WHAT YOU WILL DO: Word for word, copy out the data below, omitting pictures.

══ PROVIDED DATA ══

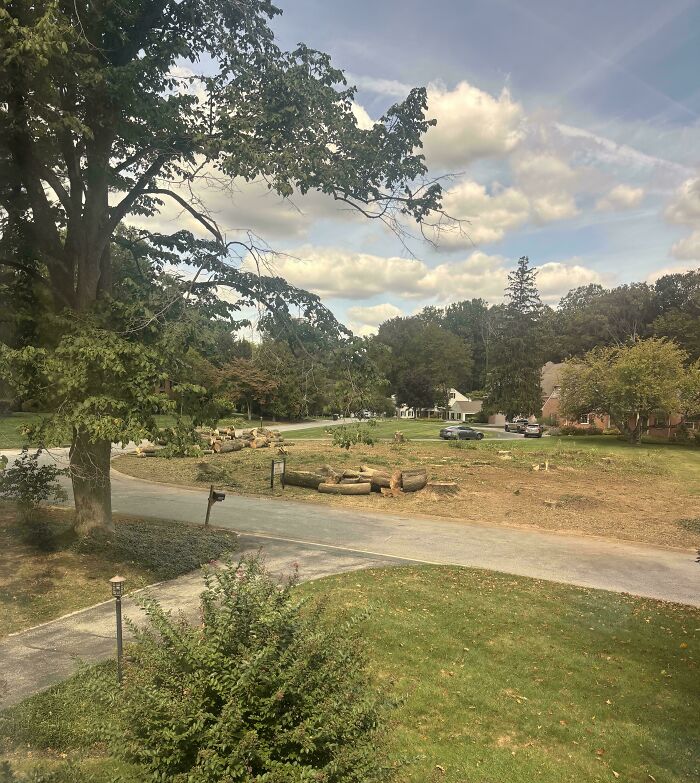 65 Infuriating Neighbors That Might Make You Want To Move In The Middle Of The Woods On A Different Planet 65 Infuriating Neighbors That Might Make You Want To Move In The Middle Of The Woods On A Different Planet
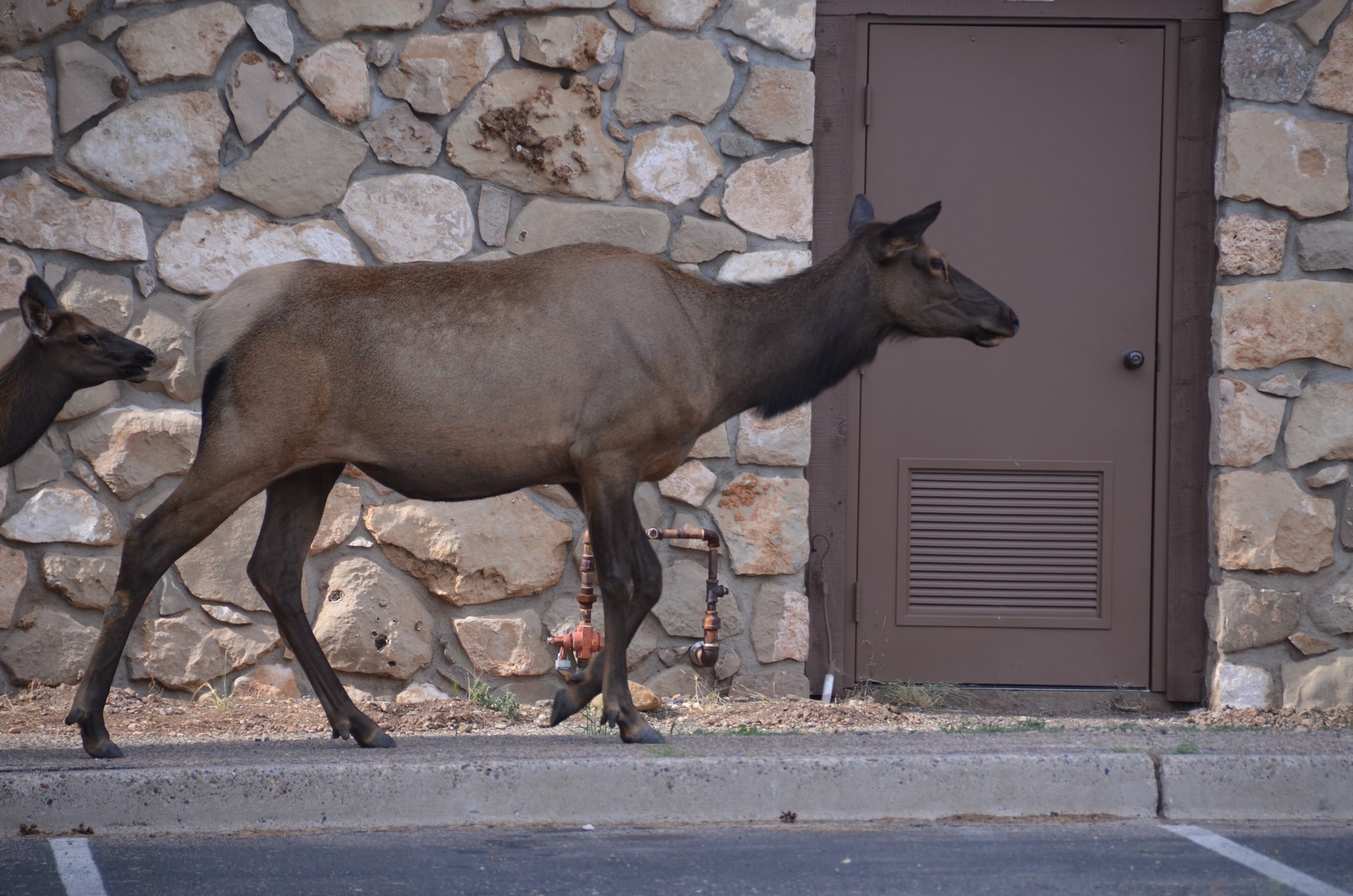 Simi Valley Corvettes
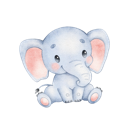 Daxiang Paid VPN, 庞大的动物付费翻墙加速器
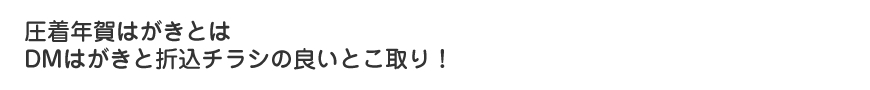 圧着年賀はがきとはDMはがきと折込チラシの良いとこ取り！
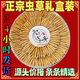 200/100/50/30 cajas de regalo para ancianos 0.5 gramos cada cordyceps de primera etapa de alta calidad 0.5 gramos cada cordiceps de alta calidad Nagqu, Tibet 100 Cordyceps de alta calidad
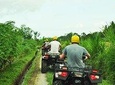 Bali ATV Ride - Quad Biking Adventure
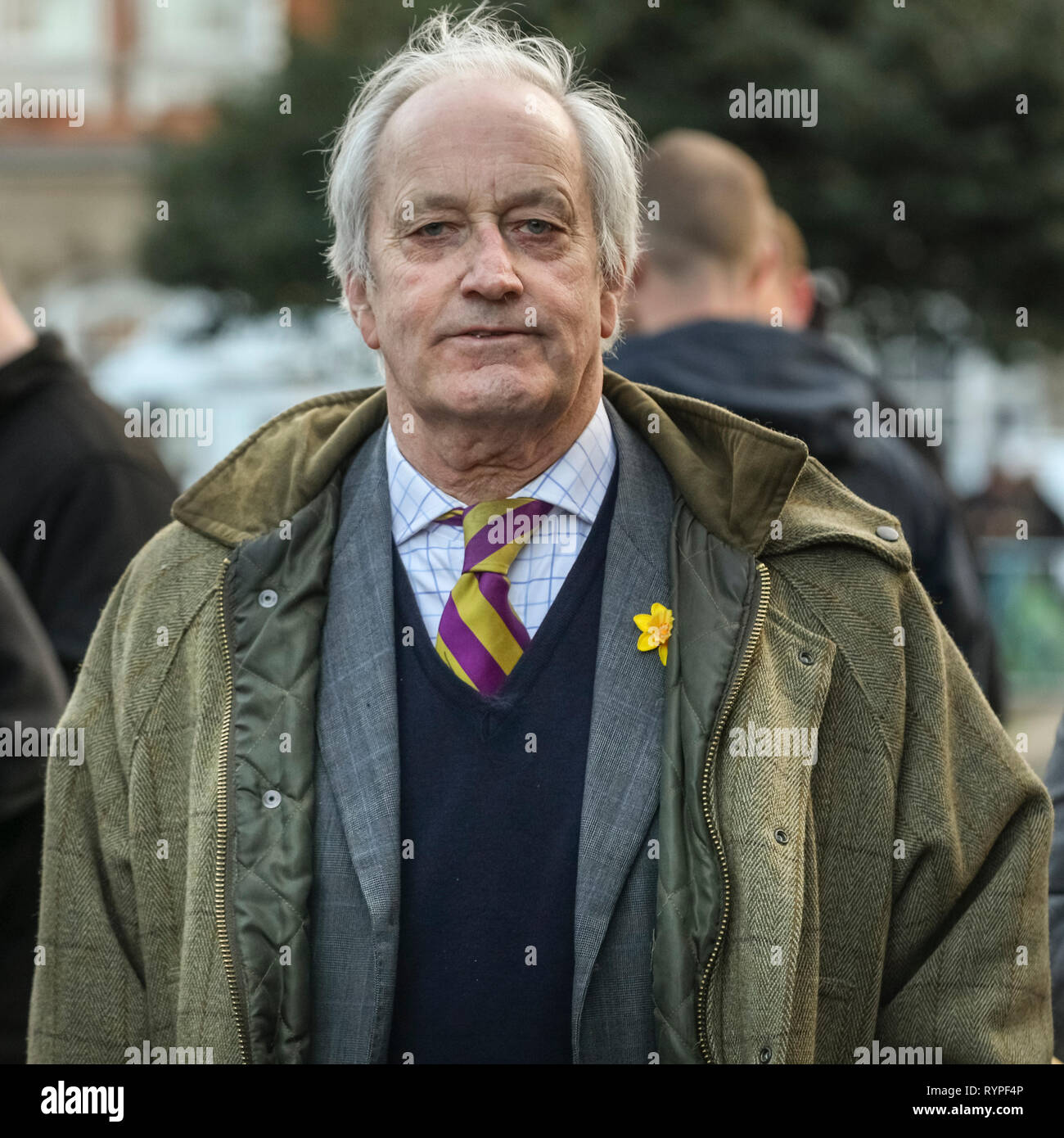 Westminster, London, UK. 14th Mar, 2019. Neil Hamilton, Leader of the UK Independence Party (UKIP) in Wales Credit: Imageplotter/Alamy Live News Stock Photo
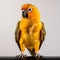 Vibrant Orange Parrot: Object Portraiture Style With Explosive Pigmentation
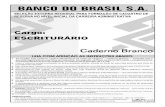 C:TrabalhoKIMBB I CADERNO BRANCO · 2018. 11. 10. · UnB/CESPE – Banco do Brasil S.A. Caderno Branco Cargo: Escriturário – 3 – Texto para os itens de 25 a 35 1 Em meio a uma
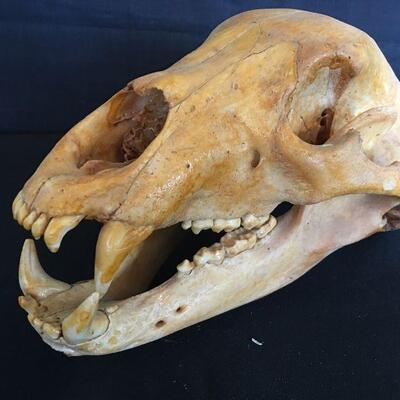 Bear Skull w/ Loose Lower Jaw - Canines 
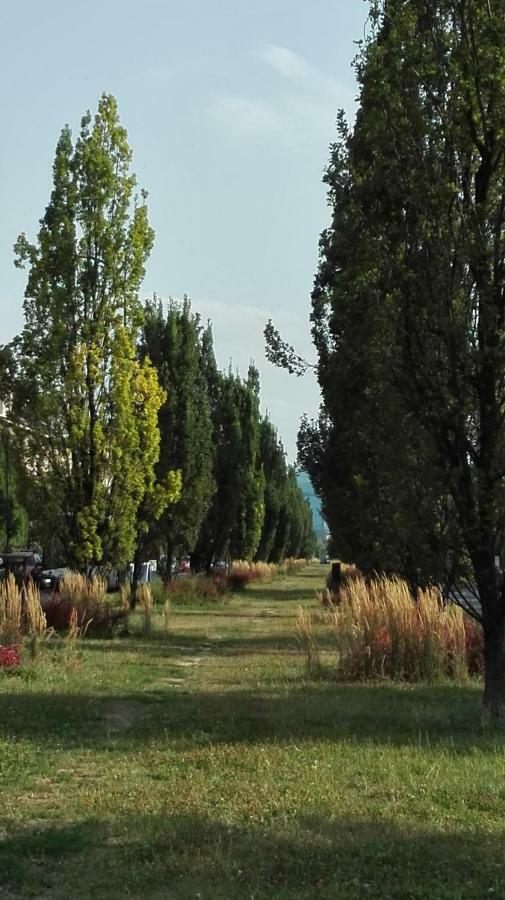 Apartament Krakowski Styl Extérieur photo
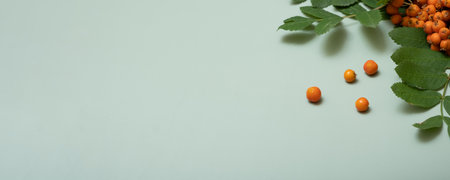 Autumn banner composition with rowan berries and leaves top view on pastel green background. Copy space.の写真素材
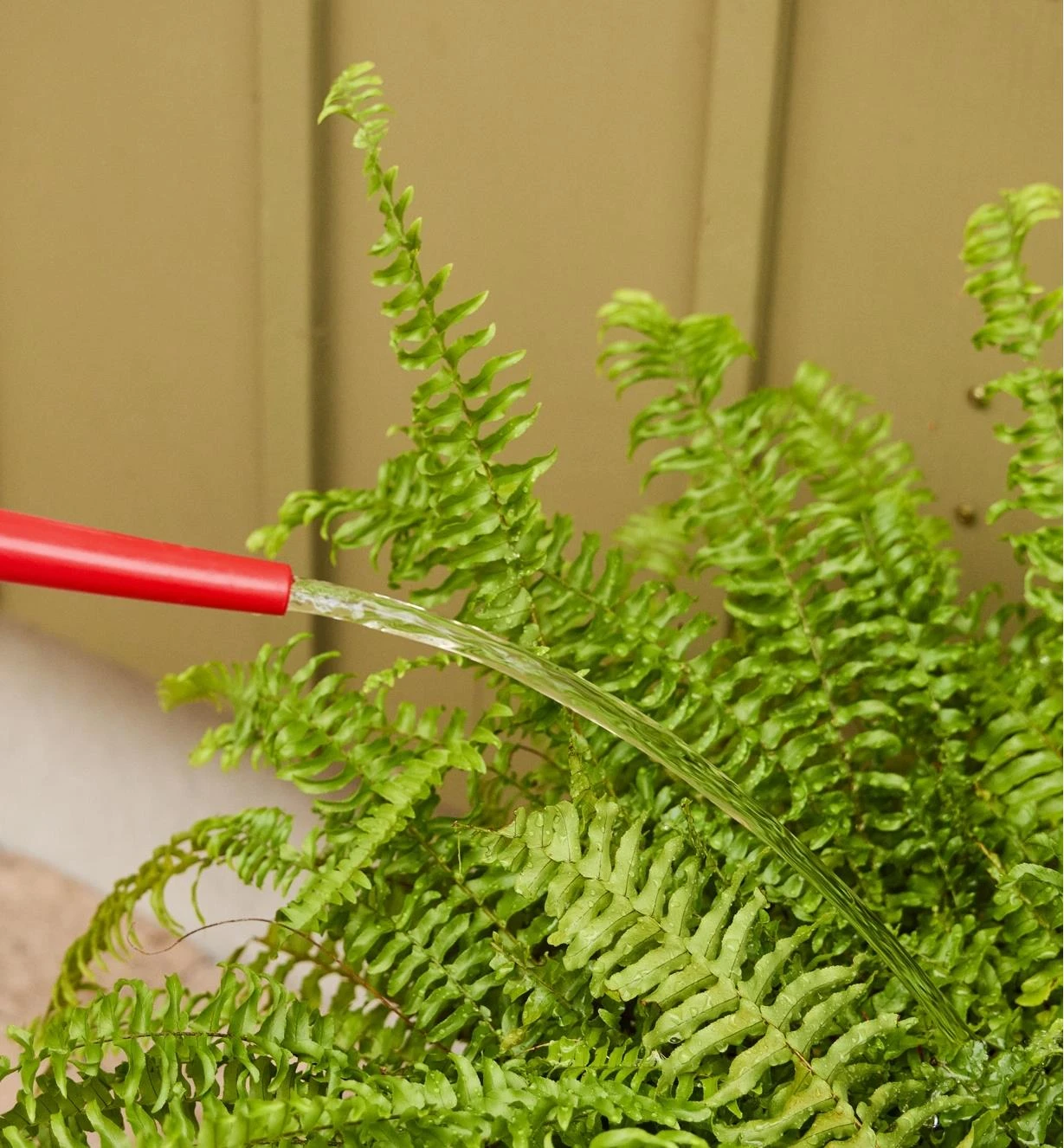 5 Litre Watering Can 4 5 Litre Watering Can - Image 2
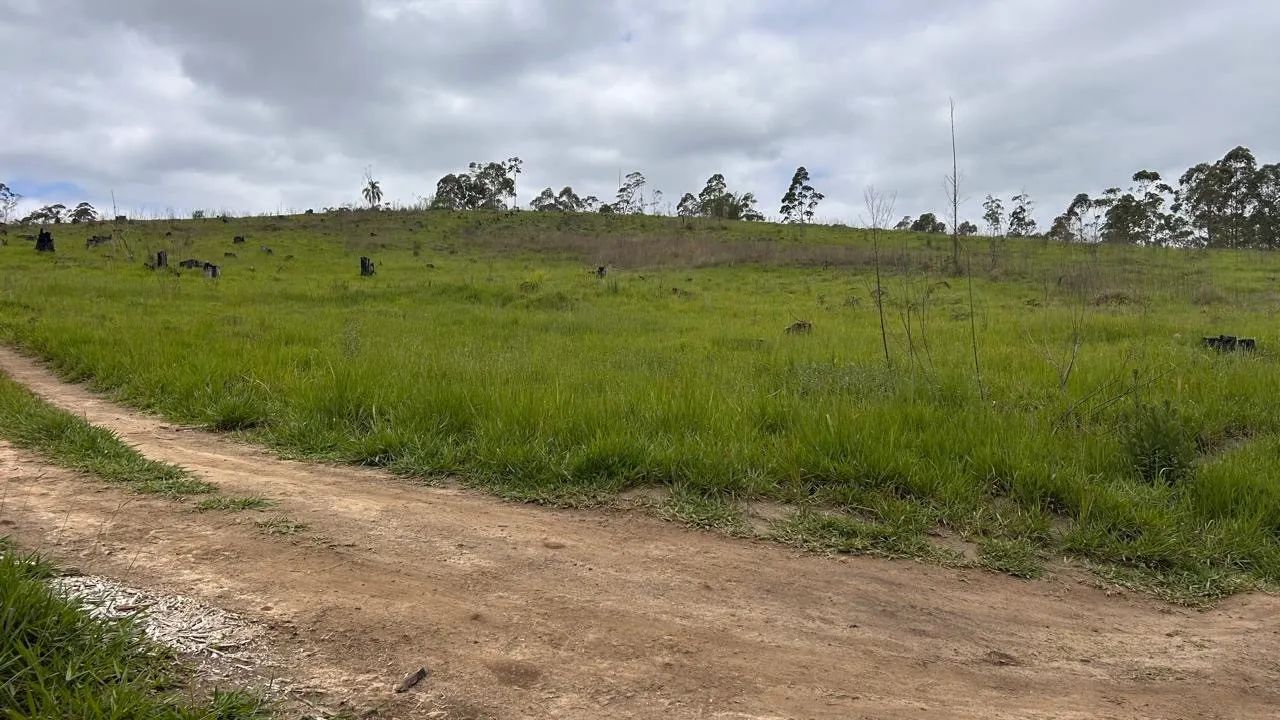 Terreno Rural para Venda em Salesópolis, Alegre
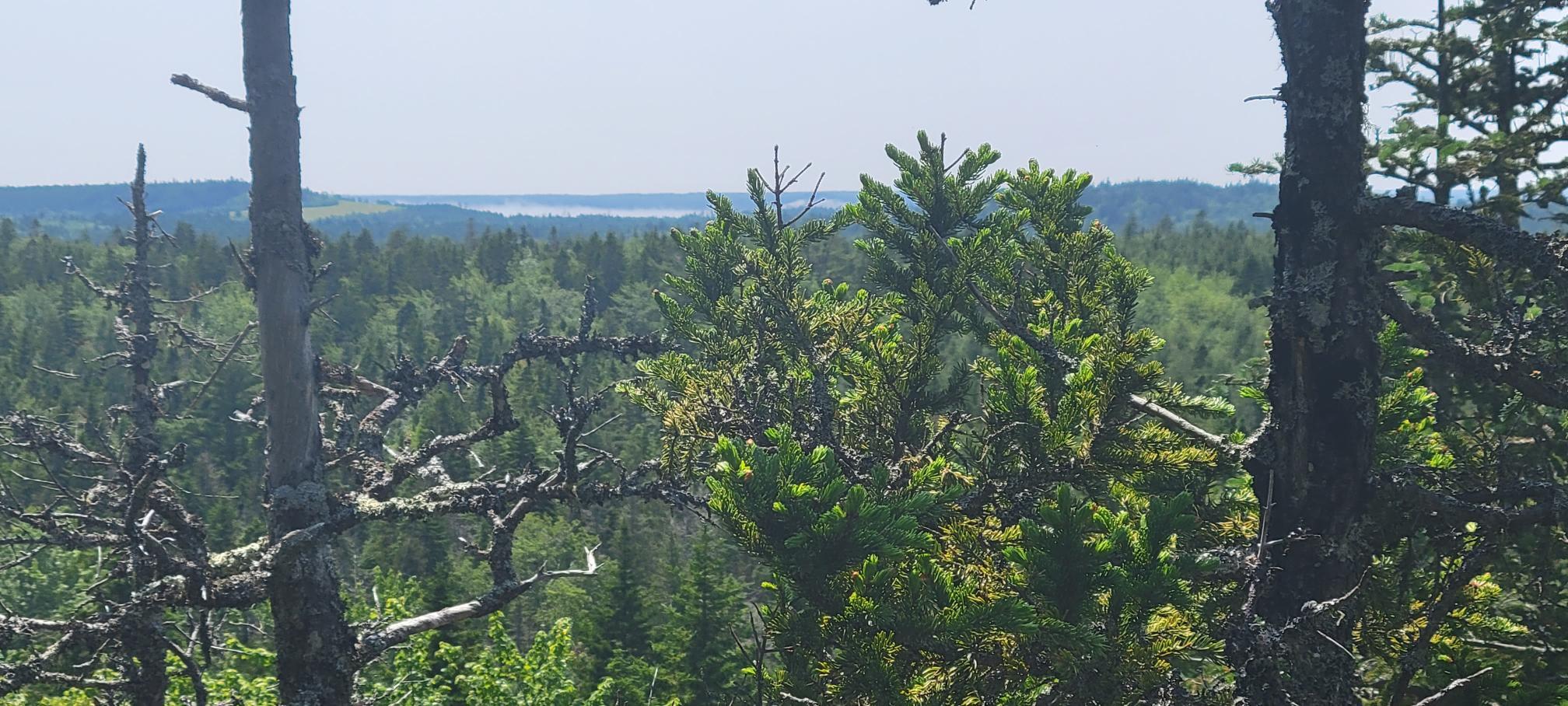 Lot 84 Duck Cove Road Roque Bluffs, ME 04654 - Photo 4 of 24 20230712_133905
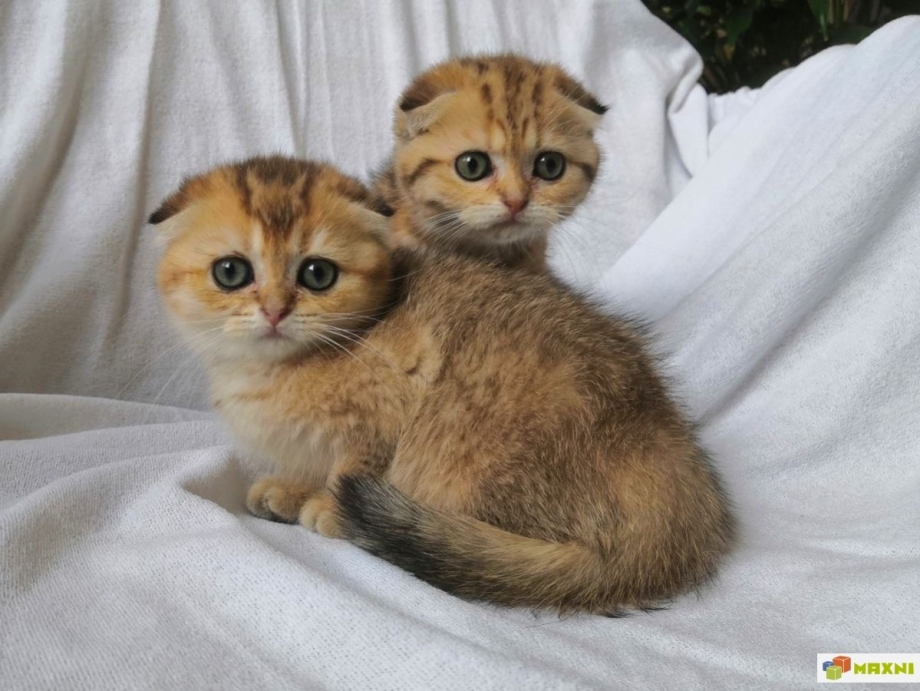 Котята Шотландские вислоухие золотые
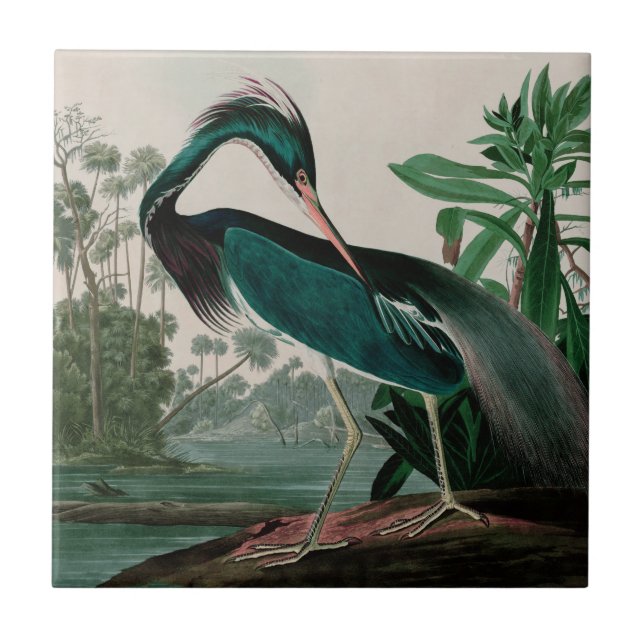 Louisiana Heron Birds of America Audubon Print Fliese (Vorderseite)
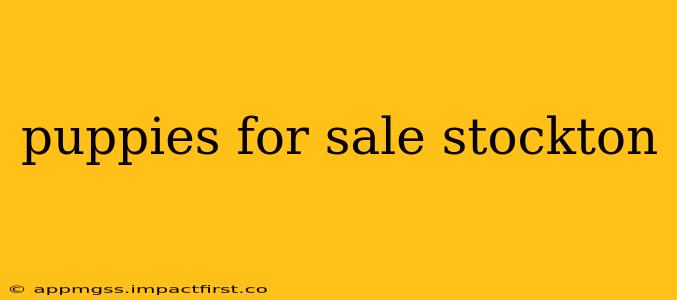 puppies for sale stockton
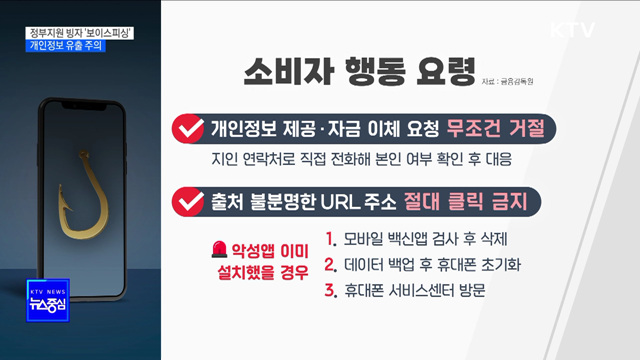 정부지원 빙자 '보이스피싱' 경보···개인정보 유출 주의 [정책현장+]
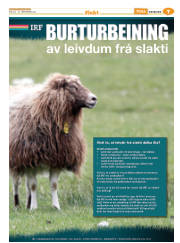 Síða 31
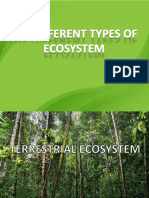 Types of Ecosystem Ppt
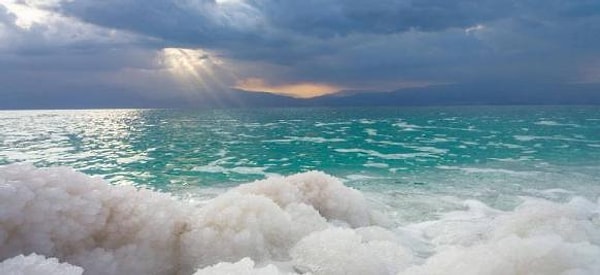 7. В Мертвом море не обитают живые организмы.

═══

RESPONSE FOR THIS EXERCISE:
 65 Infuriating Neighbors That Might Make You Want To Move In The Middle Of The Woods On A Different Planet 65 Infuriating Neighbors That Might Make You Want To Move In The Middle Of The Woods On A Different Planet
 Simi Valley Corvettes
 Daxiang Paid VPN, 庞大的动物付费翻墙加速器
 圧着年賀はがきとはDMはがきと折込チラシの良いとこ取り！
 200/100/50/30 cajas de regalo para ancianos 0.5 gramos cada cordyceps de primera etapa de alta calidad 0.5 gramos cada cordiceps de alta calidad Nagqu, Tibet 100 Cordyceps de alta calidad
 Bali ATV Ride - Quad Biking Adventure
 Westminster, London, UK. 14th Mar, 2019. Neil Hamilton, Leader of the UK Independence Party (UKIP) in Wales Credit: Imageplotter/Alamy Live News Stock Photo
 Vibrant Orange Parrot: Object Portraiture Style With Explosive Pigmentation
 C:TrabalhoKIMBB I CADERNO BRANCO · 2018. 11. 10. · UnB/CESPE – Banco do Brasil S.A. Caderno Branco Cargo: Escriturário – 3 – Texto para os itens de 25 a 35 1 Em meio a uma
 Bear Skull w/ Loose Lower Jaw - Canines 
 Apartament Krakowski Styl Extérieur photo
 Autumn banner composition with rowan berries and leaves top view on pastel green background. Copy space.の写真素材
 5 Litre Watering Can 4 5 Litre Watering Can - Image 2
 Terreno Rural para Venda em Salesópolis, Alegre
 Lot 84 Duck Cove Road Roque Bluffs, ME 04654 - Photo 4 of 24 20230712_133905
 Котята Шотландские вислоухие золотые
 Louisiana Heron Birds of America Audubon Print Fliese (Vorderseite)
 puppies for sale stockton
 정부지원 빙자 '보이스피싱' 경보···개인정보 유출 주의 [정책현장+]
 Síða 31
 Types of Ecosystem Ppt
 7. В Мертвом море не обитают живые организмы.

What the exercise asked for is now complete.